HOW TO COMPLETE THIS TASK: A verbatim copy of the data is wanted, minus any picture in it.

RAW DATA:
*****

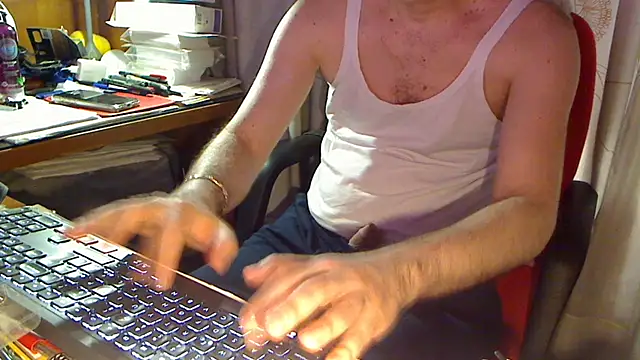 Snapshot of BoySexy696969 chatting on 06.17.26 BoySexy696969 online show from 06.17.26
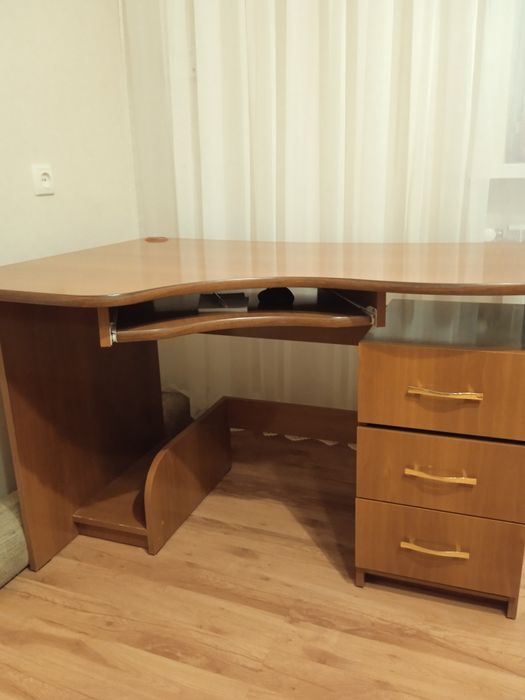 Продам комп'ютерний стіл б/у в гарному стані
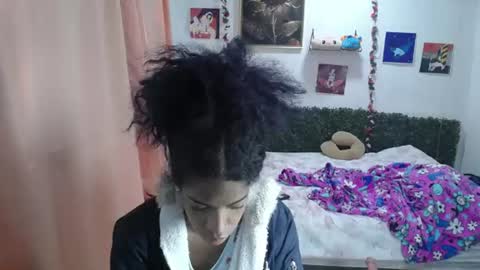 Snapshot of thiana_horny chatting on June 20, 1:25 pm thiana_horny online show from June 20, 1:25 pm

*****

SOLVED EXERCISE:
 Snapshot of BoySexy696969 chatting on 06.17.26 BoySexy696969 online show from 06.17.26
 Продам комп'ютерний стіл б/у в гарному стані
 Snapshot of thiana_horny chatting on June 20, 1:25 pm thiana_horny online show from June 20, 1:25 pm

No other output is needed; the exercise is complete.